Com o cenário de guerra na Ucrânia na ordem do dia e o regresso das tensões inflacionistas, é incontornável a necessidade de olhar para esta crise aberta no flanco oriental da UE e analisar as condições que a envolvem antes de se procurar uma solução duradoura para o problema.
Uma solução que não pode deixar de ser negociada – não só pela situação de conflito aberto como pela de radicalização dos intervenientes – e que só conhecerá real e duradouro sucesso se for feita num ambiente de conhecimento mútuo. É por isso, de extrema importância que a informação abranja mais que a retórica política e a propaganda de guerra, que é o que a generalidade da imprensa insiste em divulgar, quando a realidade (comprovável) parece até bem diferente. Basta ler as explicações que Victoria Nuland, a Subsecretária de Estado para os Assuntos Políticos do governo Biden, para confirmar que a crise ucraniana pouco ou nada tem a ver com a Ucrânia, mas sim com a Alemanha e, em particular, o interesse americano em sabotar o oleoduto Nord Stream 2 que liga aquele país europeu à Rússia e que é visto como uma forte ameaça à primazia norte americana na Europa.

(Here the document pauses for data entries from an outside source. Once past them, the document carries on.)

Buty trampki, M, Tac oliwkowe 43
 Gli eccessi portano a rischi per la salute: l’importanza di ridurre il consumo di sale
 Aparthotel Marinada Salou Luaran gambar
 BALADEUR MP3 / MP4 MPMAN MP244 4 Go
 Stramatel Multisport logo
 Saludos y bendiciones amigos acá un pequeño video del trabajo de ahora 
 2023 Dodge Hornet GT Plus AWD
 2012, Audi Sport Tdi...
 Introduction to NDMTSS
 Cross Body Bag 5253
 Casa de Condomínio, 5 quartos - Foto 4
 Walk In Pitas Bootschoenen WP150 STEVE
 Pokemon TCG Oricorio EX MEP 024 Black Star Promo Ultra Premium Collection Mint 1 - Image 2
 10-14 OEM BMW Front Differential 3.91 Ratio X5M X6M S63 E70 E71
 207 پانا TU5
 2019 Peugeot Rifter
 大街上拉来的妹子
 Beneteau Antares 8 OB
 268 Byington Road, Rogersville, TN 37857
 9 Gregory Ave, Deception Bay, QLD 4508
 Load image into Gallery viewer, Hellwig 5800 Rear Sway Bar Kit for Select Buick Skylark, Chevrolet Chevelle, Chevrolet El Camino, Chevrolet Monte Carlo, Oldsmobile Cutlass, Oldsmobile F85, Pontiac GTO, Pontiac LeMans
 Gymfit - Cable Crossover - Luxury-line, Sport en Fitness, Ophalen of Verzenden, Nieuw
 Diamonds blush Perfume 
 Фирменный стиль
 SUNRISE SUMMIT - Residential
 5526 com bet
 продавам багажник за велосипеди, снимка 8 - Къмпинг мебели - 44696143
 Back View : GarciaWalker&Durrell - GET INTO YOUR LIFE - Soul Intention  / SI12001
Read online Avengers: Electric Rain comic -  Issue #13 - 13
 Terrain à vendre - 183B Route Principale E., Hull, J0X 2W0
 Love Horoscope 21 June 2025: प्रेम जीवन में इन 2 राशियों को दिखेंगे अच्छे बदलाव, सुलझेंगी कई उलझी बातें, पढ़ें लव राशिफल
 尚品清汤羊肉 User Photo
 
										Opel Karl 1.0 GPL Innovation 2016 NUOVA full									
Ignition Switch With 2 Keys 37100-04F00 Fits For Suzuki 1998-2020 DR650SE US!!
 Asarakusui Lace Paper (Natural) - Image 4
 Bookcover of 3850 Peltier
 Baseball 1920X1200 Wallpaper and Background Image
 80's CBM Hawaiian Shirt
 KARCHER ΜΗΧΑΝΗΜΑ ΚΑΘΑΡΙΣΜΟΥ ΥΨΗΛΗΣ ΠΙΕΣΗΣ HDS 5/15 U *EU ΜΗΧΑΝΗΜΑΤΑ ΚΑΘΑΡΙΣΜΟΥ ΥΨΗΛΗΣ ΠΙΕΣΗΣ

Perante o forte apoio da opinião pública alemã ao gasoduto Nord Stream, indispensável após a decisão germânica de encerrar as suas centrais nucleares de produção de energia, o governo norte americano optou por uma nova abordagem. Já que as sanções previstas não iriam funcionar optou por criar uma ameaça externa suficientemente credível – e nada melhor que reviver uma avalanche militar oriunda do Leste – para que a Alemanha se visse forçada a bloquear a abertura do oleoduto e não só… para o que basta recordar antigas declarações de George Friedman (especialista em geopolítica e questões estratégicas de origem húngara, fundador e presidente da Geopolitical Futures e ex-presidente da Stratfor), segundo as quais o principal interesse que levou os EUA a disputarem guerras – como as duas guerras mundiais e a Guerra Fria – tem sido a relação entre a Alemanha e a Rússia, que quando unidas serão a única força que os pode ameaçar.
Basicamente, os EUA não querem que a Alemanha aumente a sua dependência do gás russo porque o comércio cria confiança e esta leva ao incremento do comércio, ao fortalecimento das relações, à redução das barreiras comerciais e da regulamentação, aumenta o intercâmbio turístico, assim se criando uma nova arquitectura de segurança. Parcerias comerciais e estreitamento de relações entre a Alemanha e a Rússia reduzem o espaço e a necessidade de bases militares dos EUA, de armamentos e de sofisticados (e caros) sistemas de mísseis norte americanos, e torna a NATO redundante.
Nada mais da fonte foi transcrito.